From this, we can conclude that Salome is the mother of Zebedee’s sons. Matthew and Mark are listing the same people, but describing Salome differently. Likely, the reason that these three women are mentioned of the many who were there is because these are the same three who discover the Resurrection (Mark 16:1). The Virgin Mary is at the foot of the Cross, and they’re listing the women who (as Mark notes) “were watching from a distance,” which is why Her name is omitted.

John’s List
If John 19:25 is listing three people, it’s:

  1. Mary, the Mother of God
  2. Mary, “sister” of the Virgin Mary and wife of Cleophas, and
  3. Mary Magdalene

But if it’s listing four people, it’s:

  1. Mary, the Mother of God
  2. Mary’s sister (probably Salome)
  3. Mary, wife of Cleophas, and
  4. Mary Magdalene

In either case, we know that Cleophas is probably the Greek name of Alphaeus, the father of James the younger and Joses. James’ father is Alphaeus (Matthew 10:2), and his mother is one of the three Marys (Mark 15:40). Since she’s not Mary Magdalene or the Virgin Mary, this leaves Mary, the wife of Cleophas. Which means Mary, wife of Cleophas is also Mary, wife of Alphaeus, so Cleophas and Alphaeus had better be the same guy.

The Combined List
Regardless of whether John listed 3 or 4 women, we know that the following four women were at the Passion of Christ:

  1. Mary, the Mother of God
  2. Mary Magdalene
  3. Mary, wife of Alphaeus/Cleophas, and mother of James the Lesser and Joses, and
  4. Salome, wife of Zebedee, and mother of James the Greater and John

One of these last two is apparently Mary’s “sister,” depending on the status of that missing “and.” Which one it is makes all the difference.

Here’s why that’s so interesting.
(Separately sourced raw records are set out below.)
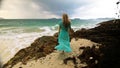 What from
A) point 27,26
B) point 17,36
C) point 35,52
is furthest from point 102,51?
point 27,26

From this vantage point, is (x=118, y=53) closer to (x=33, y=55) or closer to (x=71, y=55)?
(x=71, y=55)

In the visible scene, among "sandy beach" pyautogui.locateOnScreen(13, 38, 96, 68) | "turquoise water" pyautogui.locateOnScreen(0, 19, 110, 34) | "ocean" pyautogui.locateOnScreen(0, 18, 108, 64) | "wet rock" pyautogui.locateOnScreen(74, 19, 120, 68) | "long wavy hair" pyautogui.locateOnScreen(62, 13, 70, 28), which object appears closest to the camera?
"wet rock" pyautogui.locateOnScreen(74, 19, 120, 68)

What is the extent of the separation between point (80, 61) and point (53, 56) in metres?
1.04

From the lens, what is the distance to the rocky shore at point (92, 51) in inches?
268

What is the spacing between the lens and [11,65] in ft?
28.4

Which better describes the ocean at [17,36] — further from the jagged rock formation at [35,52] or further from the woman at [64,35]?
the jagged rock formation at [35,52]

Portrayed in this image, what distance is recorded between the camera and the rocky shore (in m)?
6.82

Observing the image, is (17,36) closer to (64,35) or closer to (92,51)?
(64,35)

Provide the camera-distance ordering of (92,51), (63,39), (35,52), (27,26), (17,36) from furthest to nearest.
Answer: (27,26) → (17,36) → (35,52) → (63,39) → (92,51)

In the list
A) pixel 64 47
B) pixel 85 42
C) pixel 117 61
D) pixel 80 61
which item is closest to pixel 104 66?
pixel 117 61

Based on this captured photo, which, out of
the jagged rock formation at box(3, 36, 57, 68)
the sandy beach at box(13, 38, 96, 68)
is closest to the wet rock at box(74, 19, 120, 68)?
the sandy beach at box(13, 38, 96, 68)

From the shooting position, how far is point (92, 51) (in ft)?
26.5

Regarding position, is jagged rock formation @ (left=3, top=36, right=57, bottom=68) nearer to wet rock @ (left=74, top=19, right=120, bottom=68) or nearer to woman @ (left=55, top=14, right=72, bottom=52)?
woman @ (left=55, top=14, right=72, bottom=52)

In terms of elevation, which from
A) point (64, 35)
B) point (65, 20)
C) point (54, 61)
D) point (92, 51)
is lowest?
point (54, 61) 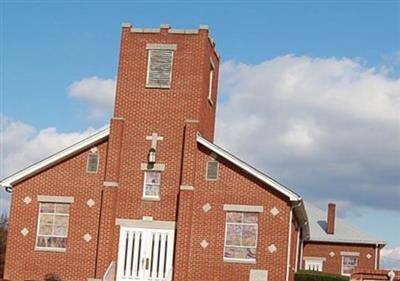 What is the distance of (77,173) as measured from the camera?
3080 cm

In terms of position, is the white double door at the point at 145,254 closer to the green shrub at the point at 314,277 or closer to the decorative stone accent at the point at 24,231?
the decorative stone accent at the point at 24,231

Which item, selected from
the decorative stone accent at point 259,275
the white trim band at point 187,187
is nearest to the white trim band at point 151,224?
the white trim band at point 187,187

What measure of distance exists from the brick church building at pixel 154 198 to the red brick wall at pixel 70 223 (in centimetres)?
4

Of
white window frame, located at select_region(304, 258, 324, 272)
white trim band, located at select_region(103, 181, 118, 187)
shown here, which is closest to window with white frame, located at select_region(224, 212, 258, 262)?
white trim band, located at select_region(103, 181, 118, 187)

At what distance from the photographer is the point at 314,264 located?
47656 mm

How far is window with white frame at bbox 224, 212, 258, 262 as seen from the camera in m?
29.3

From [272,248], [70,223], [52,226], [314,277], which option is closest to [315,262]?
[314,277]

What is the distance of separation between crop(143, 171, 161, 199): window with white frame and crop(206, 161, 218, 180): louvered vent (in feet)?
6.16

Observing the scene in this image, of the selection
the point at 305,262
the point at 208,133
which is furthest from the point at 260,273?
the point at 305,262

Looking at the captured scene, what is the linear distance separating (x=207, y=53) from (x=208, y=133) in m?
3.36

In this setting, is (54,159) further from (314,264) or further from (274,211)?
(314,264)

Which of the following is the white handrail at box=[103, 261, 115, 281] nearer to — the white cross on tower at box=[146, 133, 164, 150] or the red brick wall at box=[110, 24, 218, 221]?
the red brick wall at box=[110, 24, 218, 221]

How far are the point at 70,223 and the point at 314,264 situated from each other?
21088 mm

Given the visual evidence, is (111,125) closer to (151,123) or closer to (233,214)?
(151,123)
If Mary’s sister (or sister-in-law) is Mary of Cleophas, then her son James the Lesser is Jesus’ cousin. In that case, Galatians 1:19 refers to James the Lesser, cousin of Our Lord. If, on the other hand, Mary’s sister is Salome, then her son James the Greater is Jesus’ cousin. In that case, Galatians 1:19 refers to James the Greater, cousin of Our Lord. And all of this turns on whether John meant to include an “and” to denote that there were four women.

The stronger argument, in my opinion, is that John is referring to 4 women, even if he doesn’t include the relevant “and,” and that Jesus’ cousins are James and John. I think that the reasons cited in the Encyclopedia are all great: James and John act like they should get preferential treatment, their mom takes Jesus aside to try and pull some strings, and Jesus ultimately entrusts His Mother to John. If John is His cousin, he may well have been the nearest living male relative (since Jesus didn’t have any brothers). This last point is even more important, in that if James the Lesser, a Disciple and future Apostle, is Jesus’ biological cousin, His decision to leave Mary to the care of a different Apostle is strange. So I think it’s safe to conclude that “James, the brother of the Lord,” is in fact, the cousin of the Lord, and the son of Zebedee.